[Short web captions]
┄┄┄┄┄┄┄┄┄┄┄┄┄┄┄┄┄┄┄┄
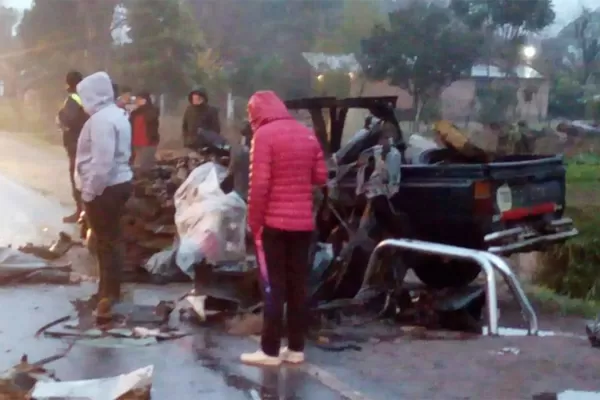 Dos hombres murieron en un choque entre una camioneta y un colectivo en El Chañar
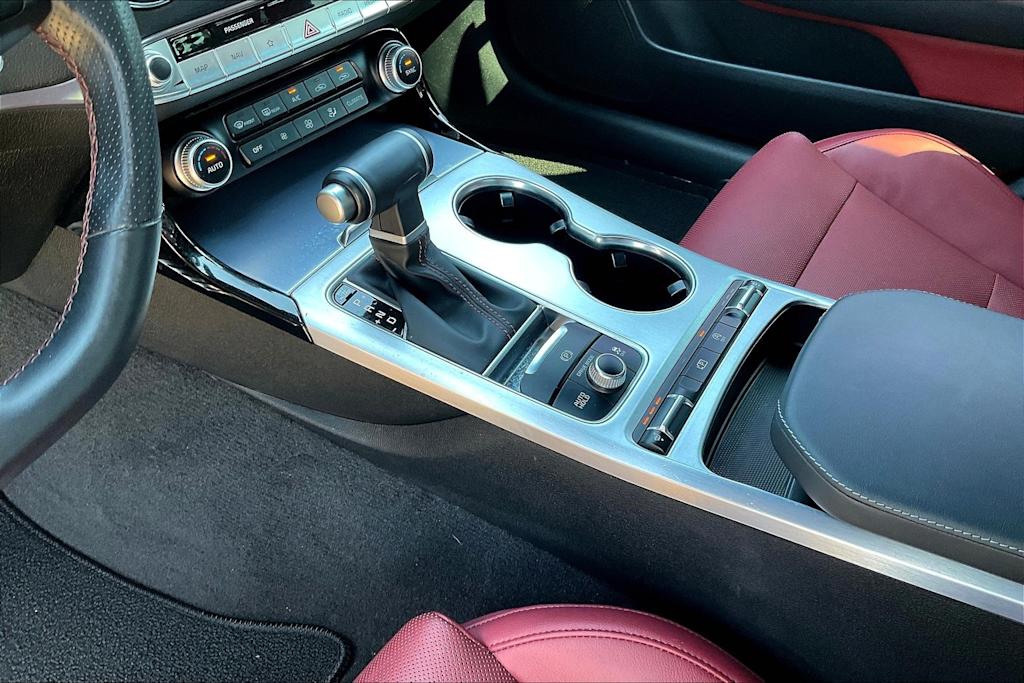 Thumbnail: 2022 Kia Stinger - 17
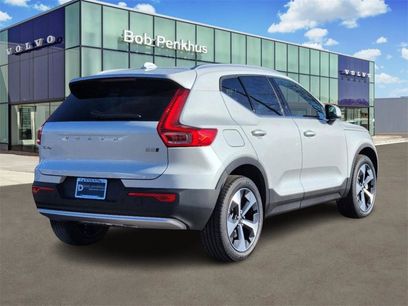 New 2025 Volvo XC40 B5 Core w/ Protection Package Premier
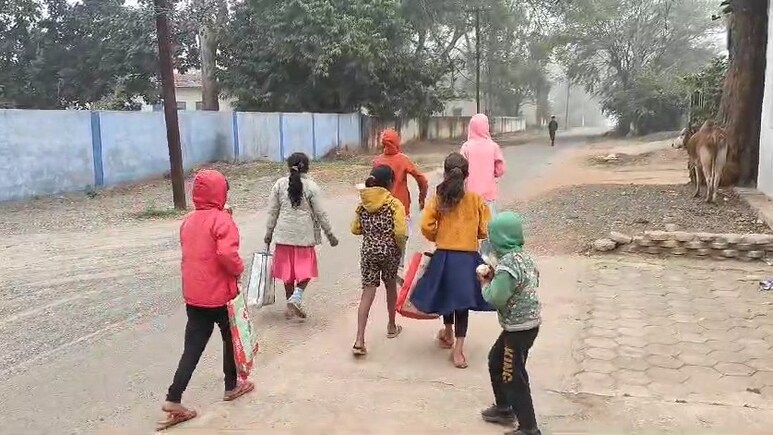 Cherchera Festival 2025: 'छेरिक छेरा छेरछेरा, माई कोठी के धान ला गौटनिन हेरहेरा...' गांवों में धूम के साथ शुरू हुआ छेरछेरा त्योहार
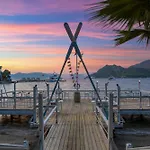 Bay Hotel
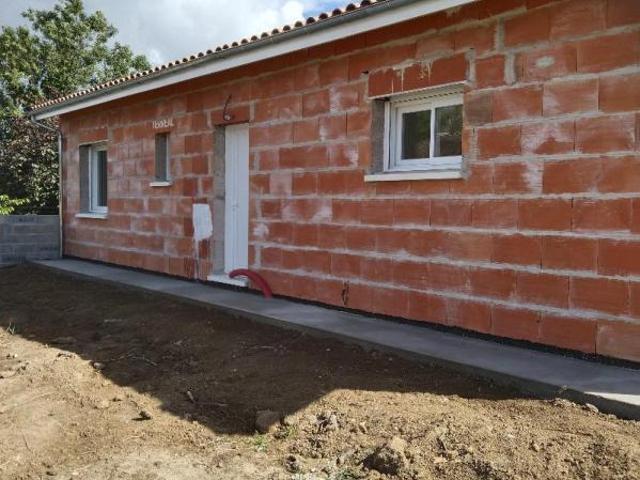Maison 4 pièces, 99 m² à louer à Saint Yzan de Soudiac 33920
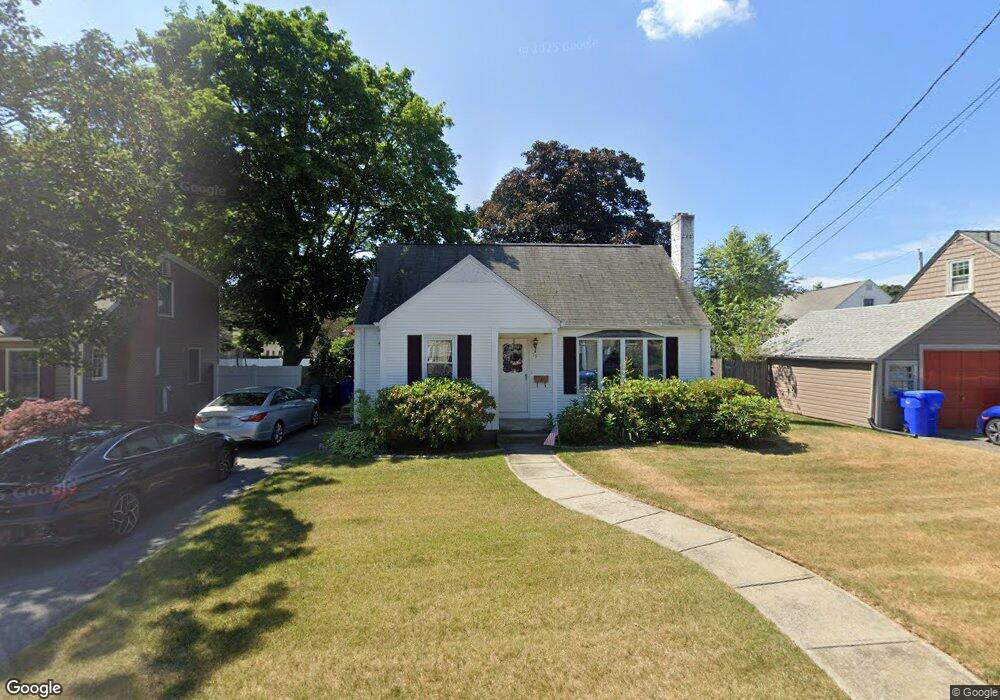 79 Cove St, Pawtucket, RI 02861 - photo 1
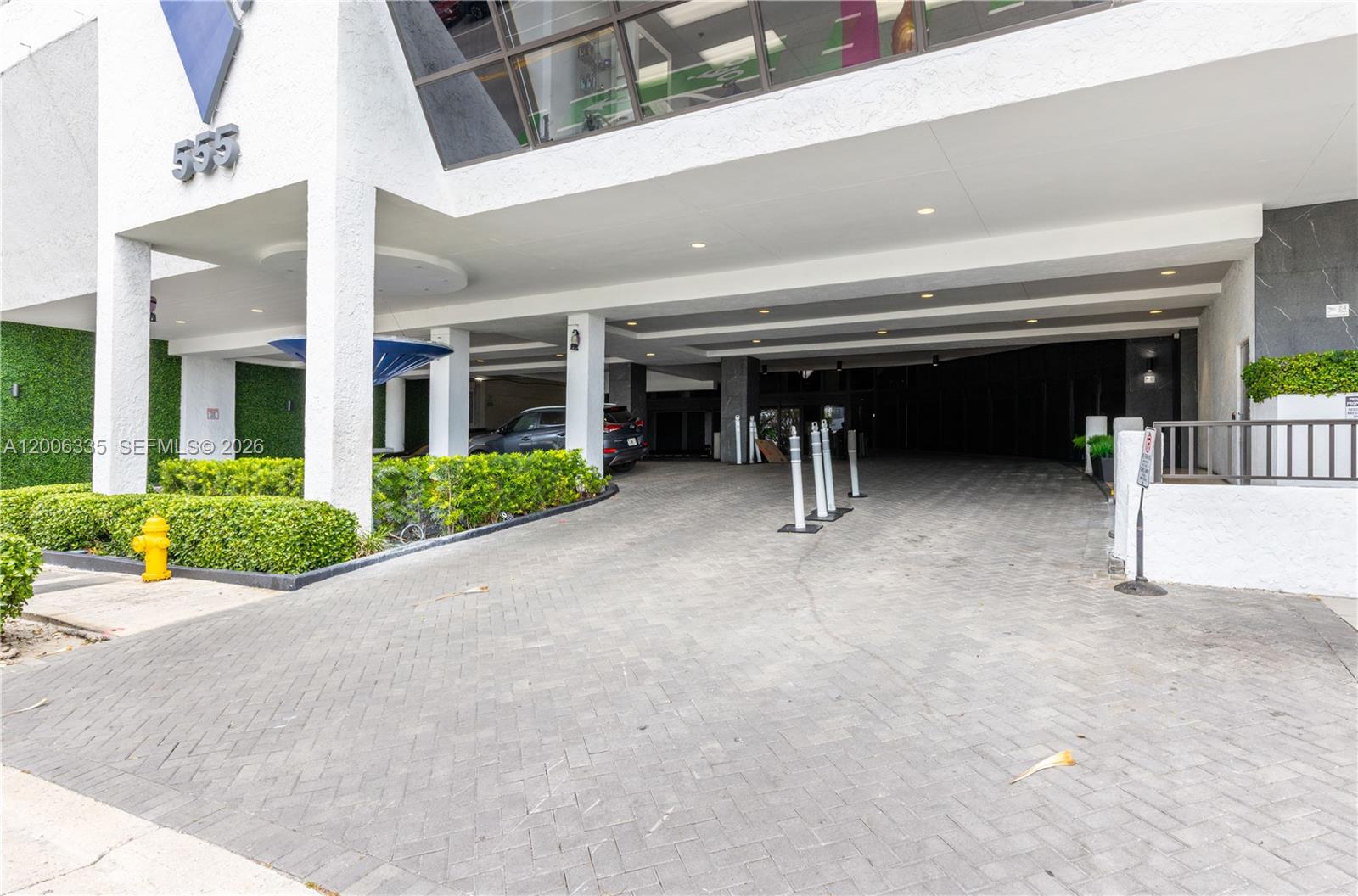 VENETIA CONDO - Residential
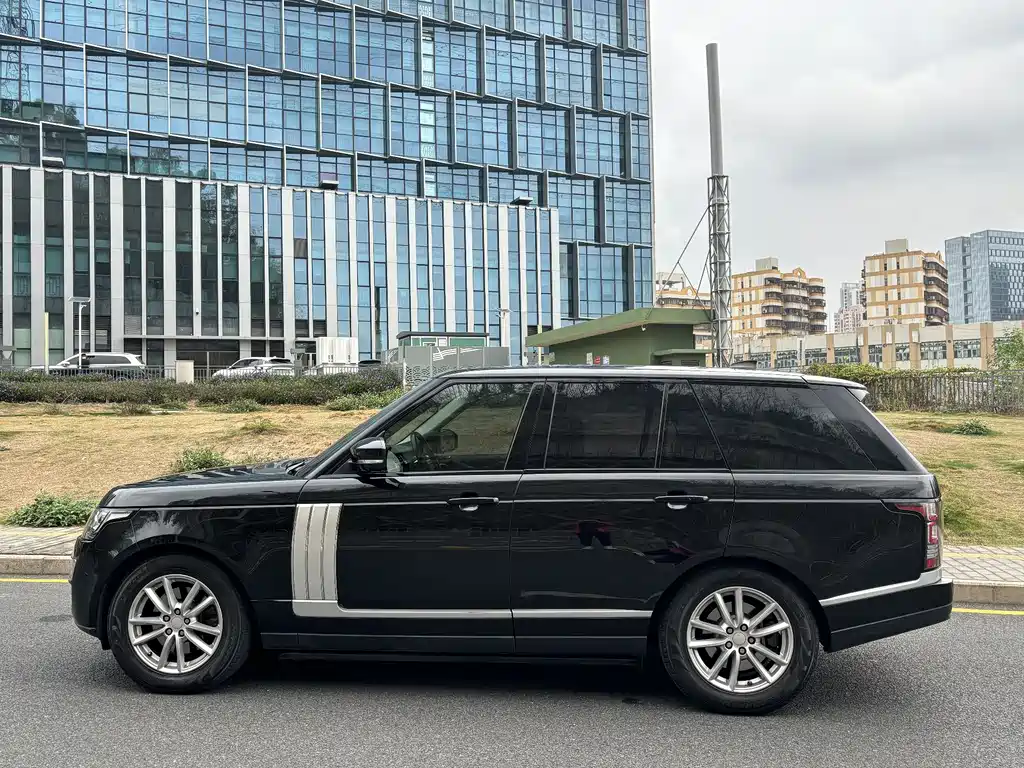 Land Rover Range Rover 2018 — фото 17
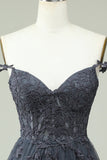 Lindo A Line Spaghetti Straps Grey Short Homecoming Dress con apliques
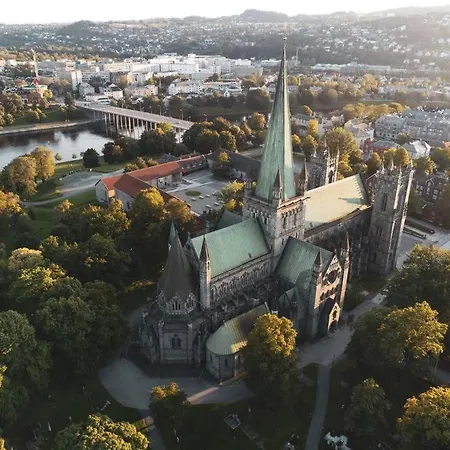Romslig Og Sentral Leilighet!
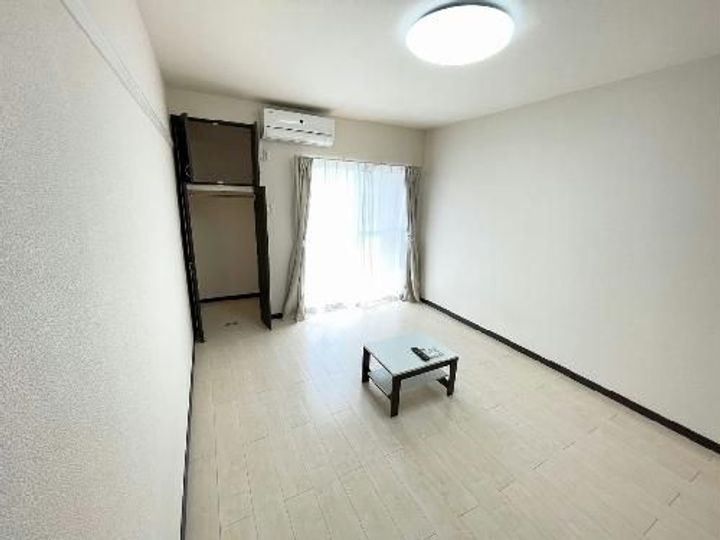 レオネクストラメールの内装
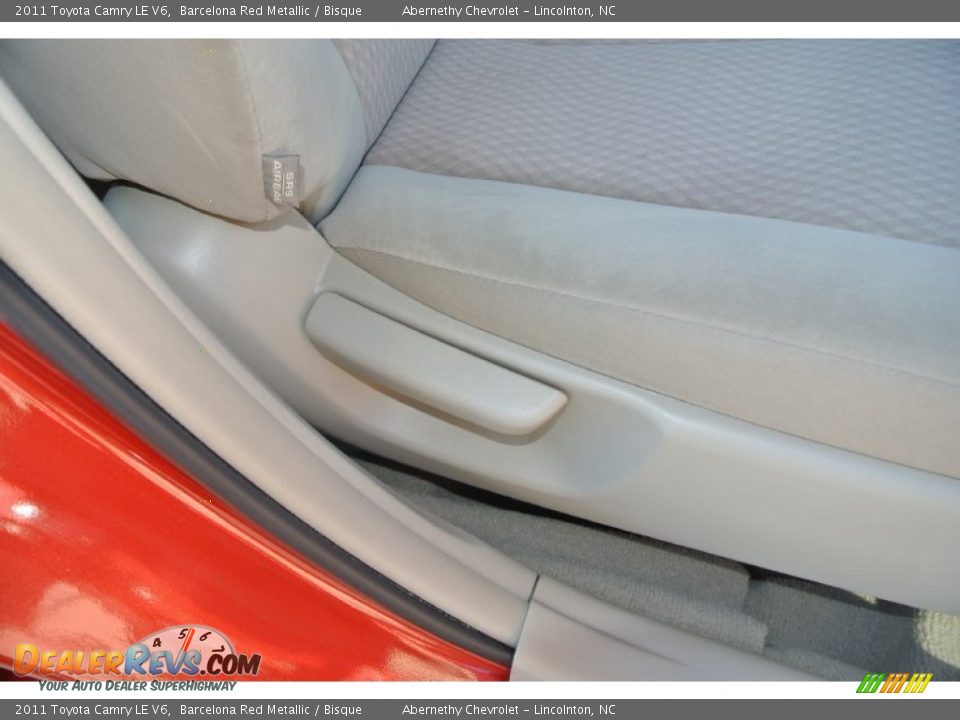 2011 Toyota Camry LE V6 Barcelona Red Metallic / Bisque Photo #20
┄┄┄┄┄┄┄┄┄┄┄┄┄┄┄┄┄┄┄┄
Begin at the line with "Thumbnail: 2022 Kia Stinger - 17" and end at the last line of the data above. Reproduce those lines exactly, but not the pictures.

 Thumbnail: 2022 Kia Stinger - 17
 New 2025 Volvo XC40 B5 Core w/ Protection Package Premier
 Cherchera Festival 2025: 'छेरिक छेरा छेरछेरा, माई कोठी के धान ला गौटनिन हेरहेरा...' गांवों में धूम के साथ शुरू हुआ छेरछेरा त्योहार
 Bay Hotel
Maison 4 pièces, 99 m² à louer à Saint Yzan de Soudiac 33920
 79 Cove St, Pawtucket, RI 02861 - photo 1
 VENETIA CONDO - Residential
 Land Rover Range Rover 2018 — фото 17
 Lindo A Line Spaghetti Straps Grey Short Homecoming Dress con apliques
Romslig Og Sentral Leilighet!
 レオネクストラメールの内装
 2011 Toyota Camry LE V6 Barcelona Red Metallic / Bisque Photo #20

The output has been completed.